▶ [TASK STATEMENT]: Copy all entries verbatim and keep any pictures out of the copy.

(Scraped caption text data)
=== Section Start ===

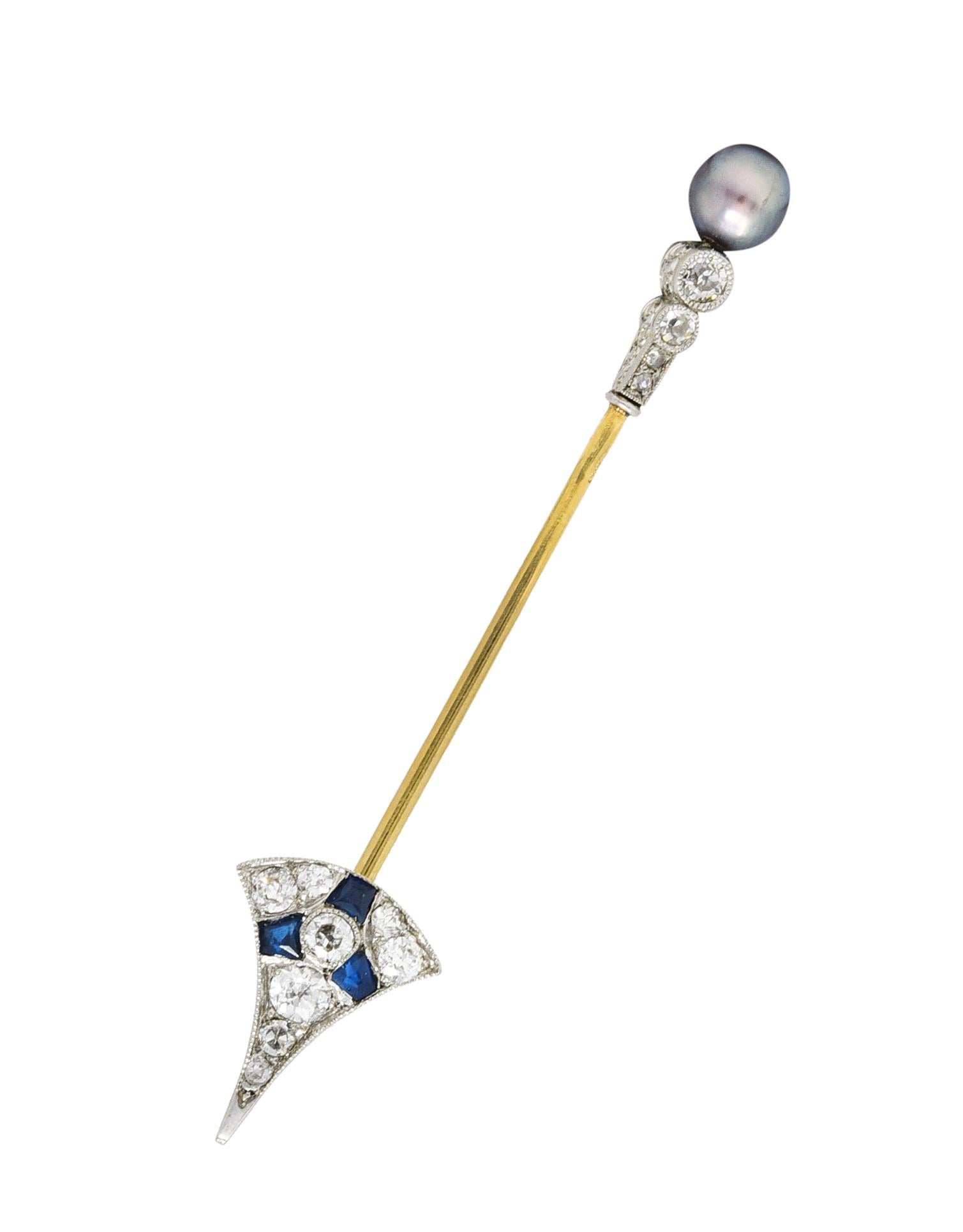 Arrow jabot bar brooch is designed as a gemmed arrowhead and stylized gemstone fletching. Arrowhead is pavé set with old European cut diamonds and a triad of calibrè cut sapphire. Fletching is multi-sided and exhibits profile engraving, calibré cut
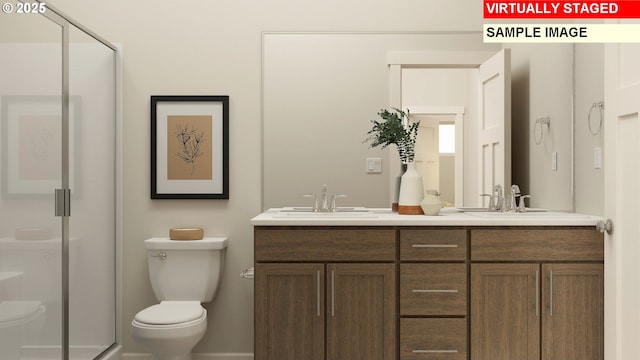 bathroom featuring double vanity, toilet, a shower stall, and a sink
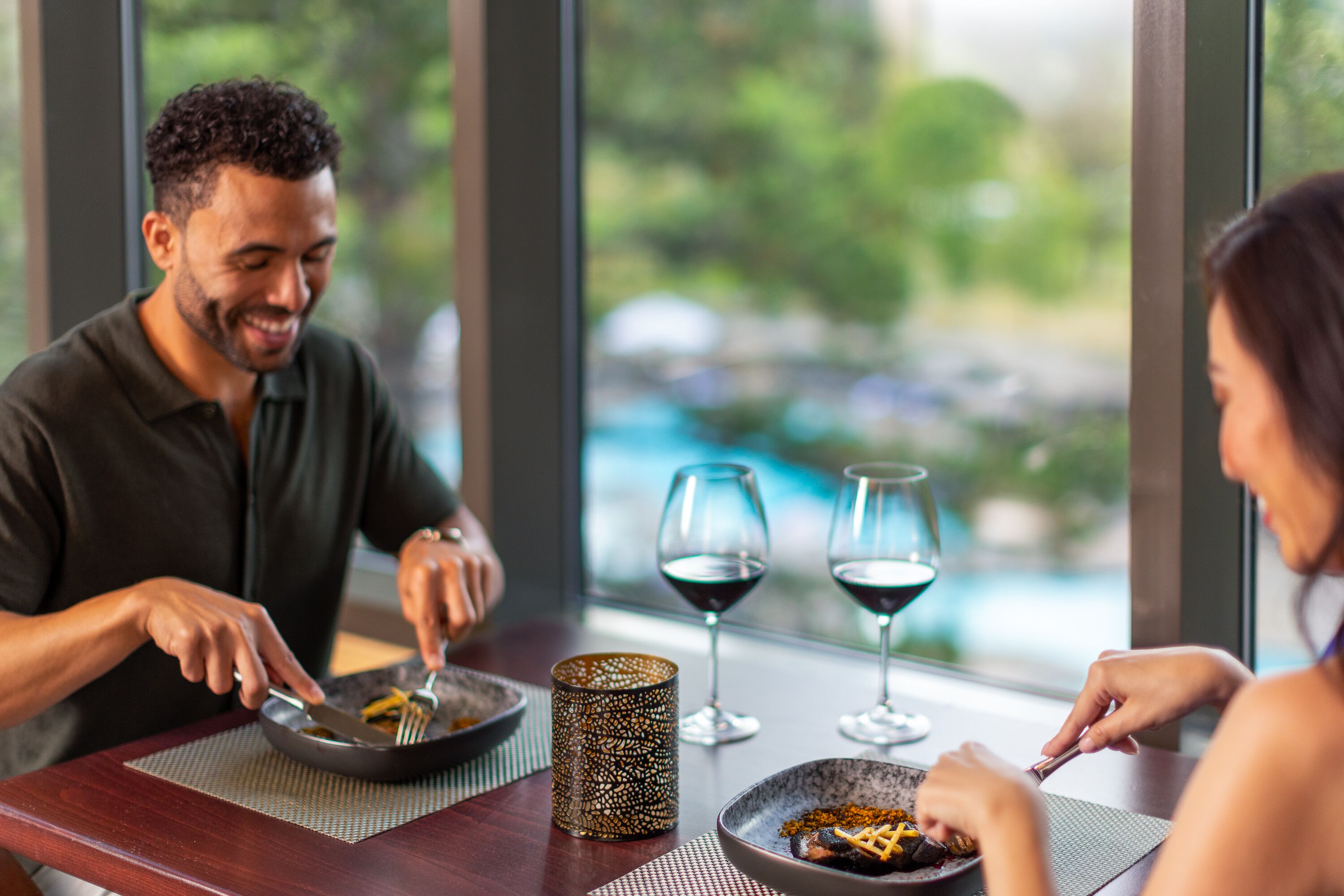 Mesa de jantar com duas pessoas comendo, dois copos de vinho e um castiçal decorativo.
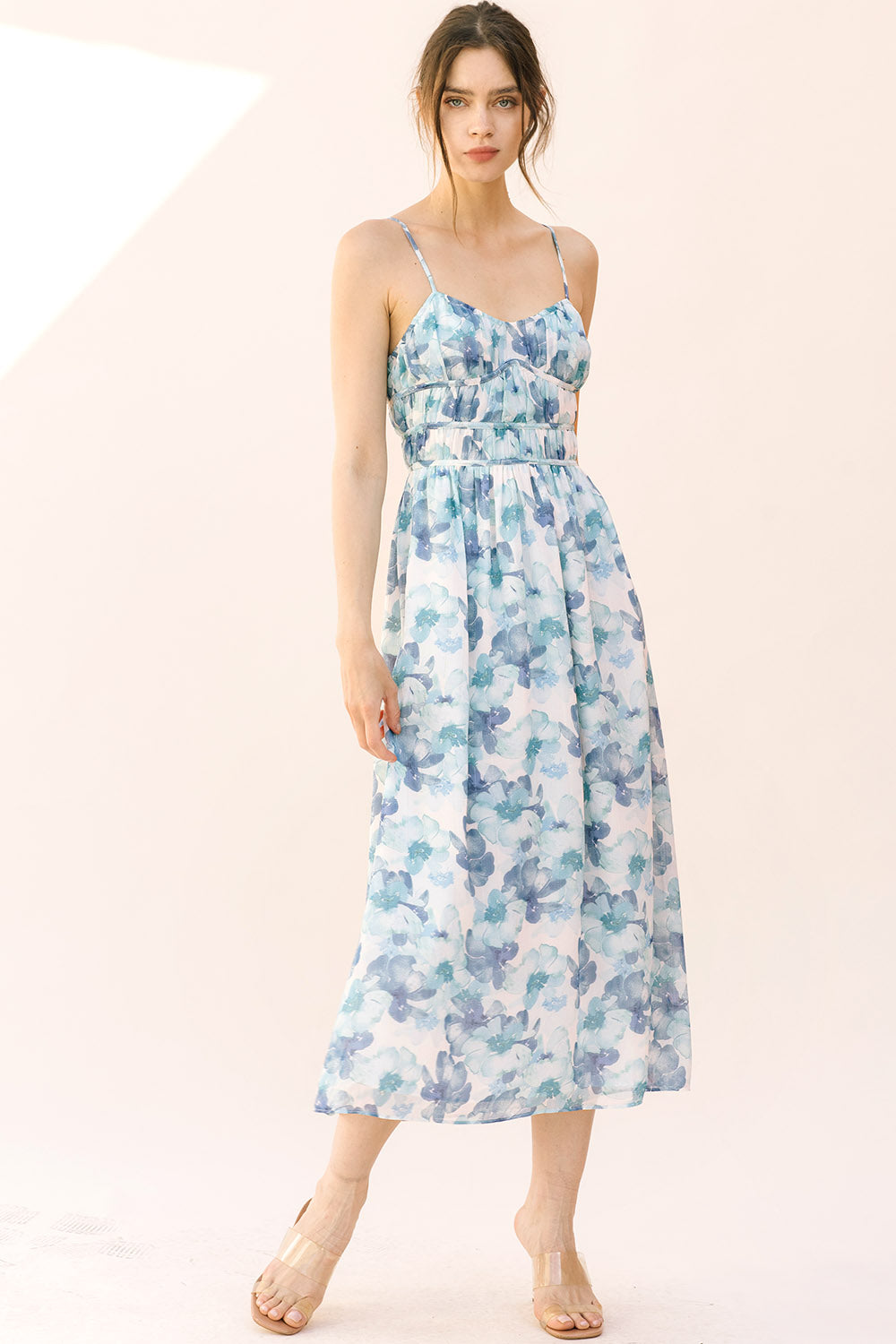 Woman wearing a blue floral midi dress with thin straps on a plain background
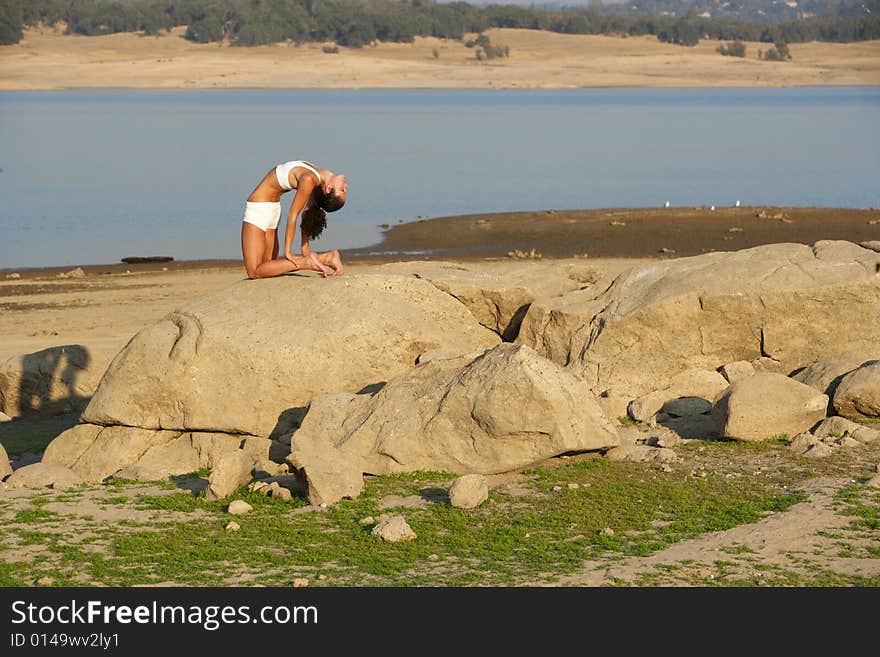 A Young Woman On Top Of A Rock Doing Yoga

=== Section End ===

▶ [SOLUTION]:
 Arrow jabot bar brooch is designed as a gemmed arrowhead and stylized gemstone fletching. Arrowhead is pavé set with old European cut diamonds and a triad of calibrè cut sapphire. Fletching is multi-sided and exhibits profile engraving, calibré cut
 bathroom featuring double vanity, toilet, a shower stall, and a sink
 Mesa de jantar com duas pessoas comendo, dois copos de vinho e um castiçal decorativo.
 Woman wearing a blue floral midi dress with thin straps on a plain background
 A Young Woman On Top Of A Rock Doing Yoga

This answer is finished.